A Muslim leader seen as a major figure in efforts to end bloody fighting in Thailand's south has been shot dead, raising concern about the future of peace talks.
Imam Yacob Raimanee of the Pattani Central Mosque - the main house of Islamic worship in one of several violence-plagued southern provinces - was gunned down on Monday afternoon in the town of Pattani, police said.
The imam was one of those supporting the talks ... he was killed, so we are concerned.
The killing came despite an agreement between Thailand and Muslim rebels from the region to try to avoid bloodshed during the Muslim fasting month of Ramadan, which ends this week.
"I can say that this incident is worrying," National Security Council chief and lead peace negotiator Paradorn Pattanatabut told the AFP news agency. "The imam was one of those supporting the talks... he was killed, so we are concerned," he said.

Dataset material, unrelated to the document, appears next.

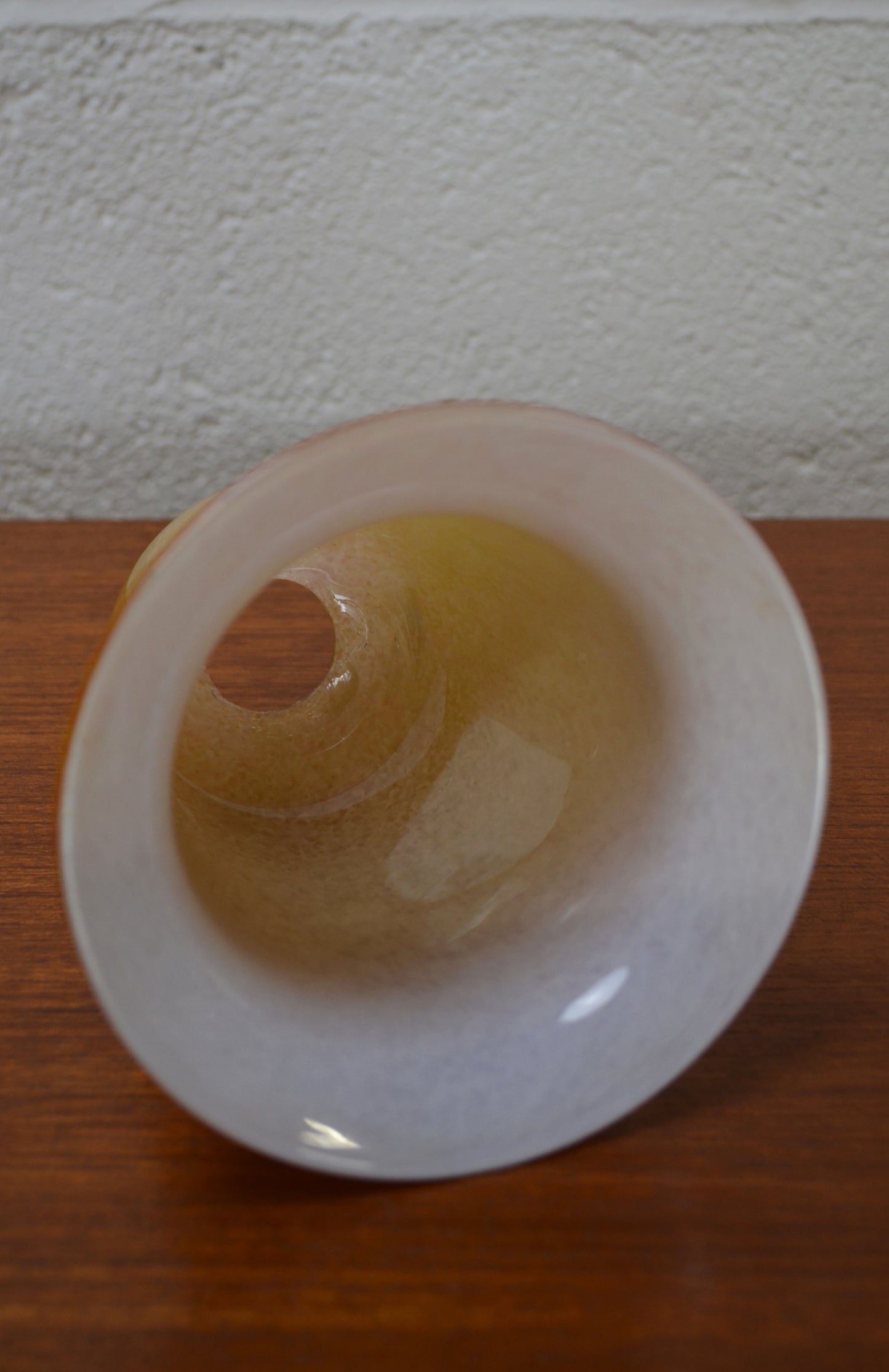 Vintage Glass Pendant Light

The fighting in the Muslim-dominated region has claimed more than 5,700 lives since 2004, with bombings, shootings and even beheadings targeting those perceived as collaborating with the Thai state.
Rebel groups have never clearly stated their demands, but they are thought to want more autonomy or a separate state in a region that was part of a Malay sultanate until annexed by Thailand in 1909.
In recent months, talks between the Thai authorities and some rebel groups including the Barisan Revolusi Nasional have brought tentative hopes of peace.
Malaysia - which has hosted peace talks - announced on July 12 that the two sides had agreed to try to stem the unrest during Ramadan.
But after a period of relative calm, violence resumed in late July, with a spate of bomb and gun attacks in southern Thailand that left nine people dead including teachers and police officers.
Paradorn vowed that the talks will continue. "They are trying to frighten people - so we have to be patient and strong," he said.